The investing environment is really choppy out there right now as we await news from The Federal Reserve. I do think inflationary pressures are increasing, particularly in the global economy and I would like to see the dollar gain strength. I think the FED stands still today, but floats rhetoric signaling potential rate hikes later in the year, post election (winner is?) and with the housing inventories having more time to subside.
A big impact on the items the FED is considering is the costs of oil and commodities in general. The rise in pricing in theses areas is a tax on the consumer, and coupled with discretionary income taking a beating due to the housing crisis, the economy is retracting.

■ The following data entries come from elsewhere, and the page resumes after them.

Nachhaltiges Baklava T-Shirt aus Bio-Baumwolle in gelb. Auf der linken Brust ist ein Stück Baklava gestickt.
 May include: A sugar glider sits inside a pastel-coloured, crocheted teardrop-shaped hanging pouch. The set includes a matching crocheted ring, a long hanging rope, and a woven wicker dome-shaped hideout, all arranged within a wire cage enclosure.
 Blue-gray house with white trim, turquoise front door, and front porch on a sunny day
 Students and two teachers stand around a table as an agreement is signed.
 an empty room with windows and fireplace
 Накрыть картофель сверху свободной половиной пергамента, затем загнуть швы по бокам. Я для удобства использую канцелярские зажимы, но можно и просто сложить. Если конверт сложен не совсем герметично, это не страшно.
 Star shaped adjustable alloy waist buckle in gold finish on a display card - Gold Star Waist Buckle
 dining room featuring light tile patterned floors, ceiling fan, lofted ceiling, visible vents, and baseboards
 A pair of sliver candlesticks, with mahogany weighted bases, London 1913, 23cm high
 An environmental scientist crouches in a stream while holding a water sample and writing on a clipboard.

But will oil unwind and relax the consumers monthly outlays at the gas pump? Money poured into the dot.com areas only to be crushed and then, after 9-11, investment capital went diving into tangible assets (real estate) and then when that blew up, commodities.
Speculators are not a central issue with oil but the do play a role. Alan Reynolds, senior fellow with The Cato Institute, notes, "Speculation that oil prices will rise rather than fall has dropped drastically since we crossed $100 mark. The "net long" position on the New York Mercantile Exchange fell from 113,307 contracts on March 11 to 25,246 by June 10 -so nearly as many traders are now shorting oil as are going long". Oh my!
If money is not going there anymore, where is that investment capital going? In the last six weeks, I have noticed coal stocks ascending nicely, an indication of institutional investment or accumulation.
Please see a chart for James River Coal Company (JRCC:NASDAQ) below:
Coal is ultimately the main energy competitor to oil and in this political environment it is wise to investigate investment opportunities. JRCC has doubled since May, and following the money is change you can count on!